Part of the reason I have kept on competing since the turkey trot is because the racing conditions were so horrible then. It was 32 and raining and the trail was 2-6 inch thick mud. My time was awful. The last three miles of the race were run in 7:50, 9:53, and 7:24. Can you tell which mile I fell twice on, nearly impaling my hand on a very narrow tree stump?

I think it was soon after that race I decided I needed another shot at a 10k and I instantly thought of the Bolder Boulder. For much of my life I’ve lived within a 45 minute drive of Boulder and have never thought about entering the race.

The race is five days out and today I realized I haven’t trained this hard for a competition since training for my last swim meet as a collegiate swimmer in 2005. I am actually tapering off of what was, for me at least, a tough training schedule. I’ve even shunned a daily beer or beers for all of May, which has been almost as hard for me to do as the running. I think I have had two drinks since the start of May. That Oskar Blues beer after I finish my race at Folsom Field is going to taste so good.

For many of my training runs I had to literally push my training partner. For London, it has been an easy training schedule. She gets a cushy ride in the Mountain Buggy, sips away at her water cup, throws it from the stroller when she decides it’s cramping her style, and kicks off her shoes whenever desired. Her stroller ain’t light and neither is she, weighing in at 35 pounds, but I was thankful to be pushing just one kid over the last ten weeks.

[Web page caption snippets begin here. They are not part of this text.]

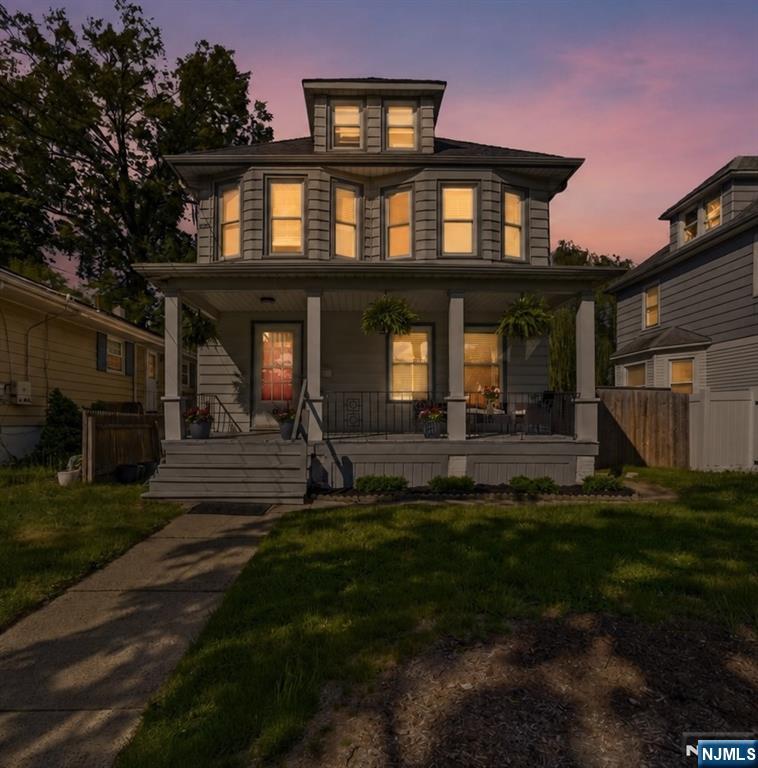 42 Spring Valley Avenue Hackensack, NJ 07601 - Photo 41 of 42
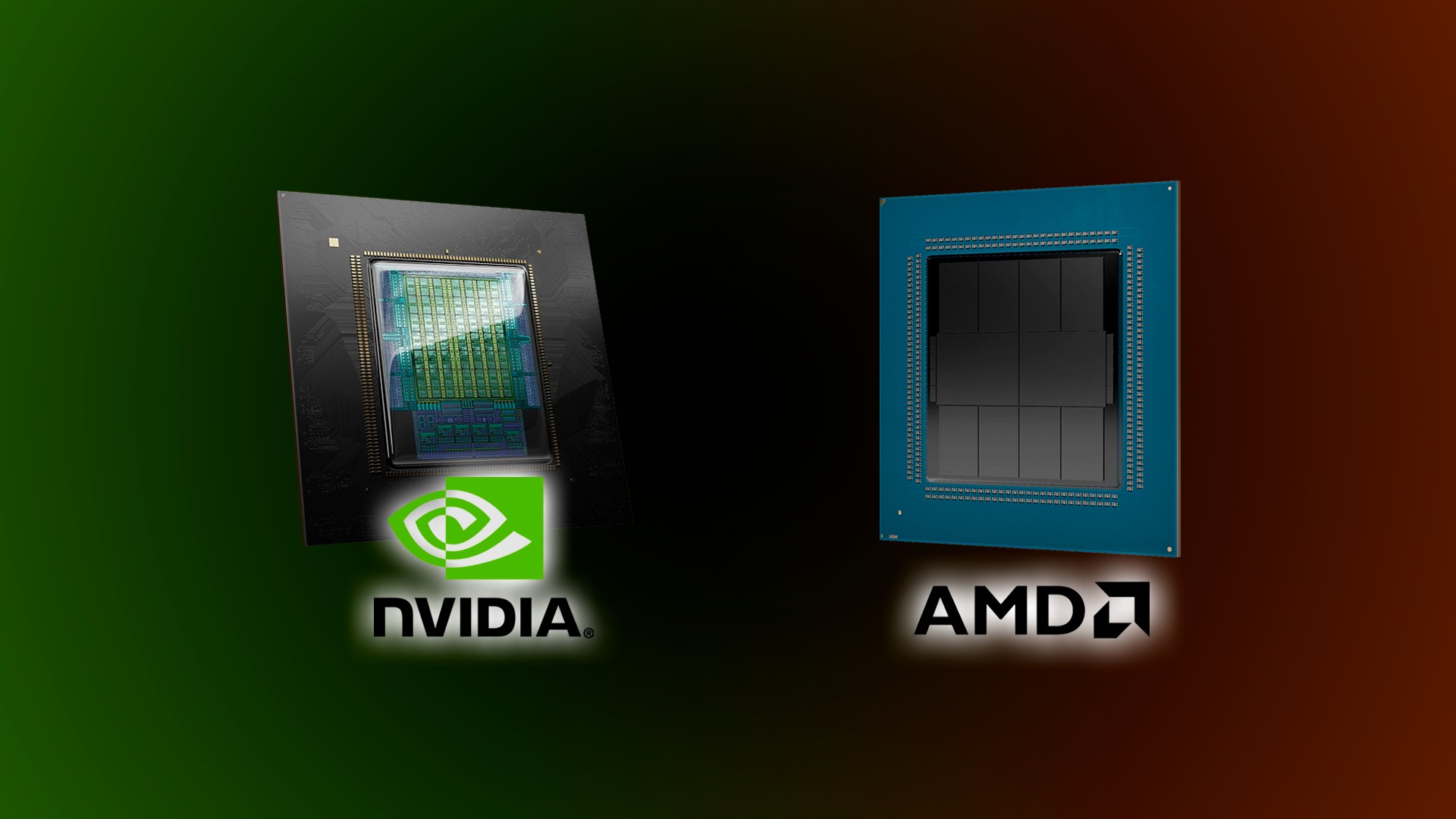 AMD afirma que nova CPU EPYC Venice com Zen 6 supera NVIDIA Vera em até 3,3 vezes
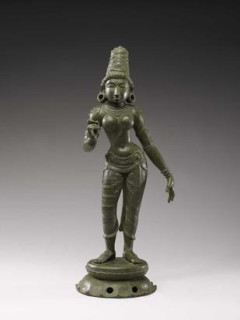 MFAH Artful Thursday Performance: "Devi: The Mother Goddess and Her Various Forms"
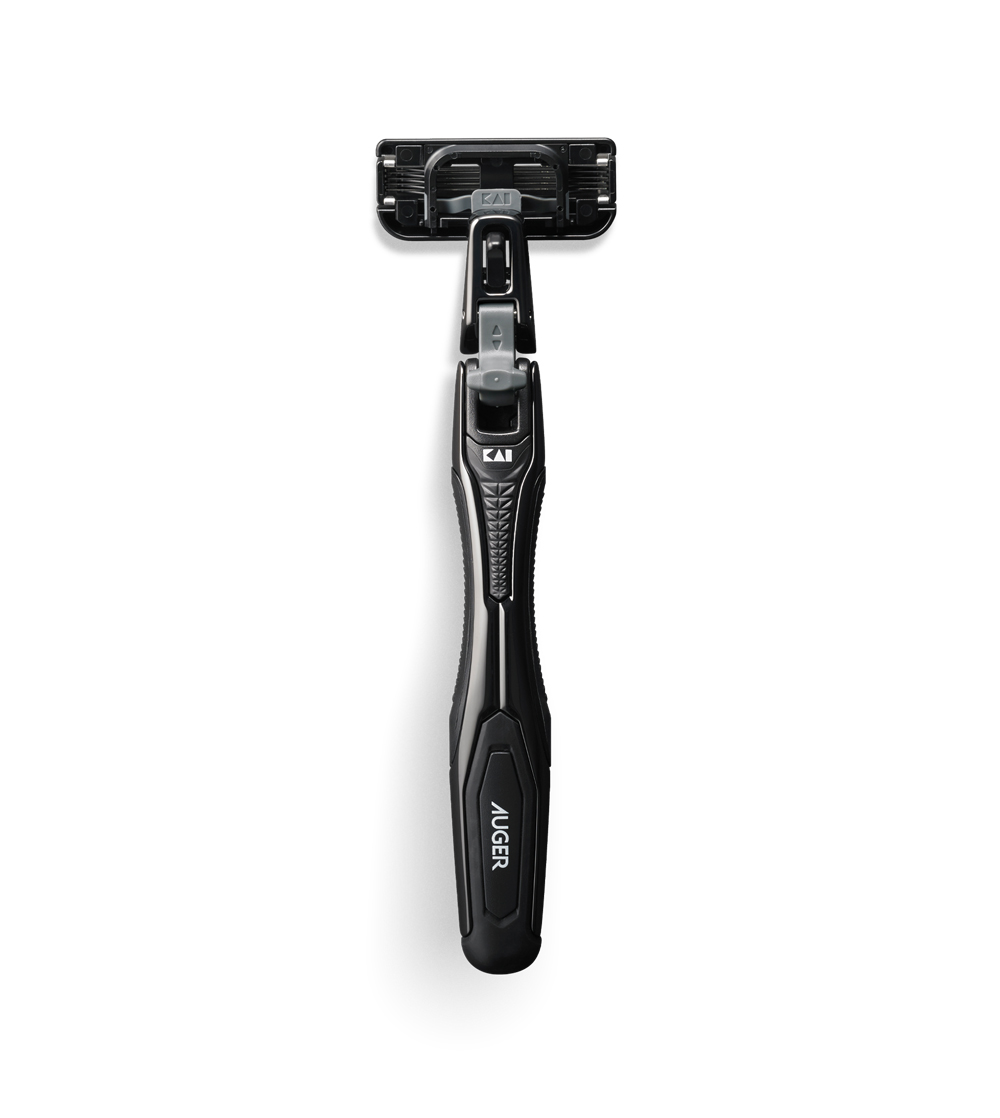 AUGER 5 Blade System Razor, starterset GA-0088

On Monday morning, London will just be having her breakfast when my wave (AA) goes off at 6:56. I get so anxious just thinking about it. I’m not sure what I will think of the crowd. I am hoping to just lock onto a group running my pace and zone out for four, maybe even five miles before I think about the rest of the ground to be covered.

My goal is to come home on Monday with one extra t-shirt, one that says Sub 40 Club on it. With luck, it’ll fit me.